2. The SNP site according to claim 1, wherein the number of pig's breasts with the allele A is higher than that with the allele G at the SNP site.

3. The SNP site according to claim 1 or 2, wherein the SNP site is located at the 101 st base in the nucleotide sequence shown in SEQ ID No. 1.

4. A method for detecting SNP sites related to the number of pig breasts is characterized by comprising the following steps:

(1) establishing a gene library for the sample pig by using Th5 transposase, and performing whole genome re-sequencing;

(2) performing genotyping on the whole genome re-sequencing result of the step (1) by using Basevar, and filling by using STITCH to obtain SNP locus gene data;

(3) performing genome-wide association analysis on the number of the nipples of all sample pigs and the SNP locus gene data obtained in the step (2).

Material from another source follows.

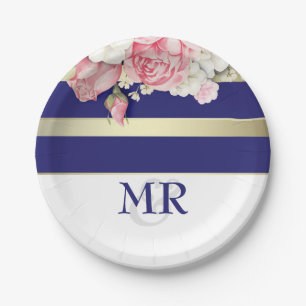 Assiettes En Carton Floral Vintage Navy Gold White Stripes Mariage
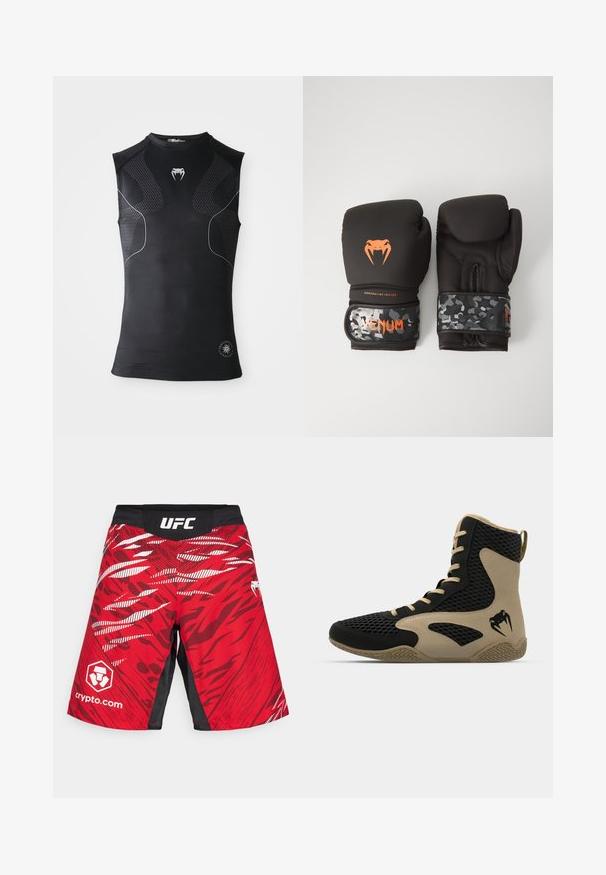 Ermeløs svart atletisk kompresjons skjorte med subtile mønstrede paneler, lite hvitt slange-logo på brystet, og sirkulært emblem nær kanten.; Røde MMA-shorts med sort talje. Har et iøjnefaldende, abstrakt mønster i rød og hvid. Logoer for UFC og crypto.com er tydeligt vist.; Høye idrettssko med svart nettverksutside og beige detaljer. Teksturert gummisåle og logo på siden.; Svarte boksinghansker med matt finish og ergonomisk design. Oransje logo-detaljer og håndleddsstropper med kamuflasjemønster.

The application of the SNP locus in marker-assisted selective breeding of the porcine papilla number trait is characterized in that the SNP locus is located in chr7:97570528, ch7:97574214, ch7:98073927, ch7:98074438, ch7:98074524, ch7:98074744 and/or ch7:98101170 of the genome version Ensembl Scrofa 11.1.

6. The use according to claim 5, wherein the SNP sites located in the genomic version Ensembl Sscofa 11.1 of ch7:98073927, ch7:98074438, ch7:98074524, ch7:98074744 and ch7:98101170 are in complete linkage disequilibrium, ch7: 97570528 is in high linkage disequilibrium with the above 5 SNP sites, and ch7:97574214 is in low linkage disequilibrium with the above 6 SNP sites.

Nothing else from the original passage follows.